### Data extracted from a collection

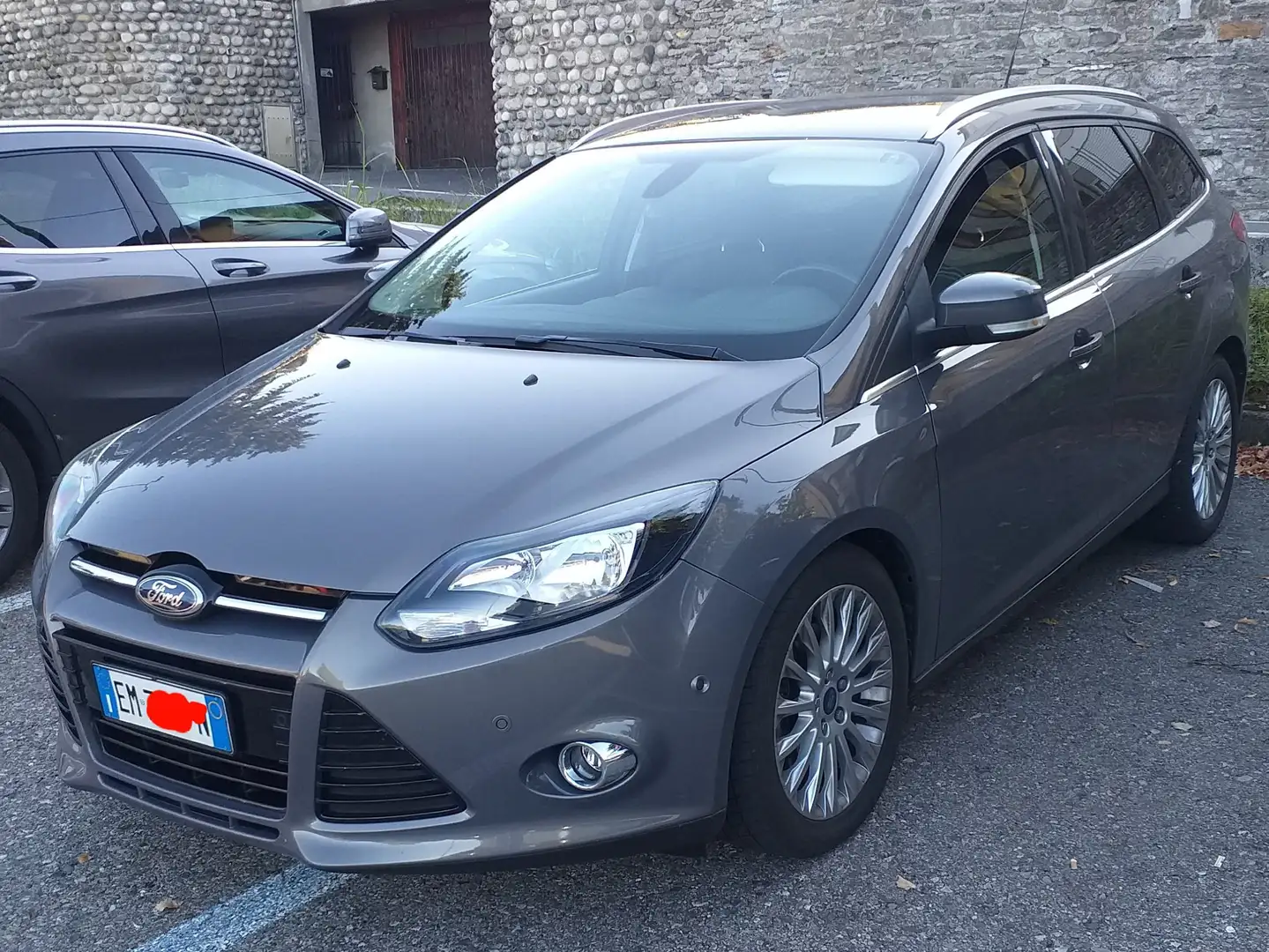 Ford Focus Focus III2012 SW2.0 tdci Titanium 115cv powershift Grijs - 1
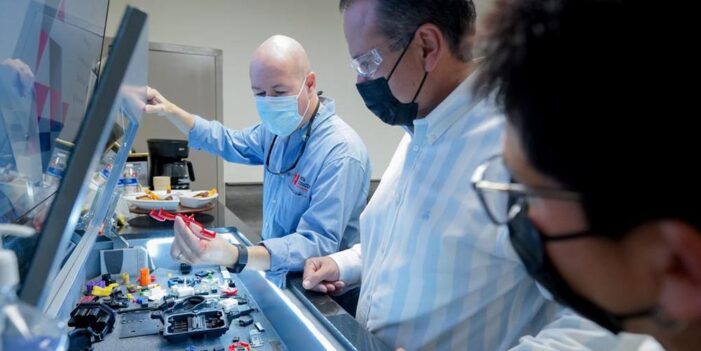 Se metió hasta la cocina para ver la New Concept Technology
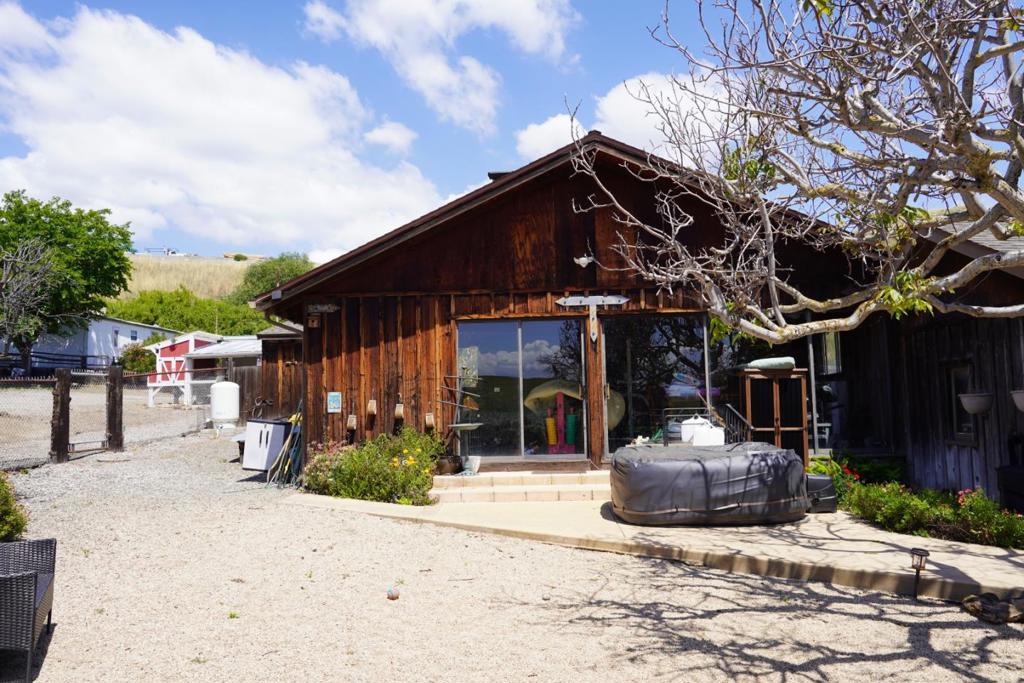 main property photo 17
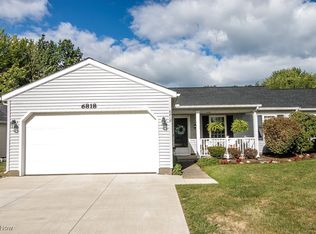 6818 Fireside Ct, Mentor, OH 44060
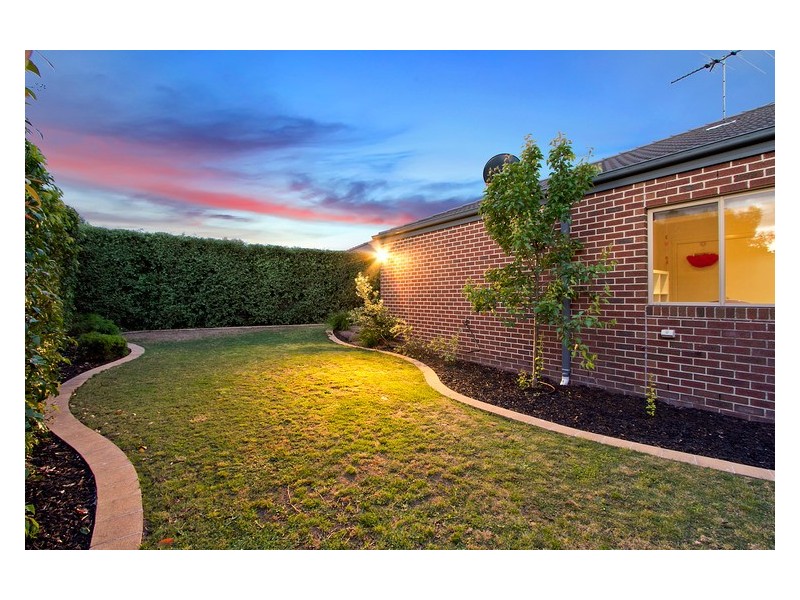 19 Bryn Mawr Boulevard, Berwick VIC 3806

### Task to carry out
Output each line of the records exactly. Any picture is skipped.

### The completed task
 Ford Focus Focus III2012 SW2.0 tdci Titanium 115cv powershift Grijs - 1
 Se metió hasta la cocina para ver la New Concept Technology
 main property photo 17
 6818 Fireside Ct, Mentor, OH 44060
 19 Bryn Mawr Boulevard, Berwick VIC 3806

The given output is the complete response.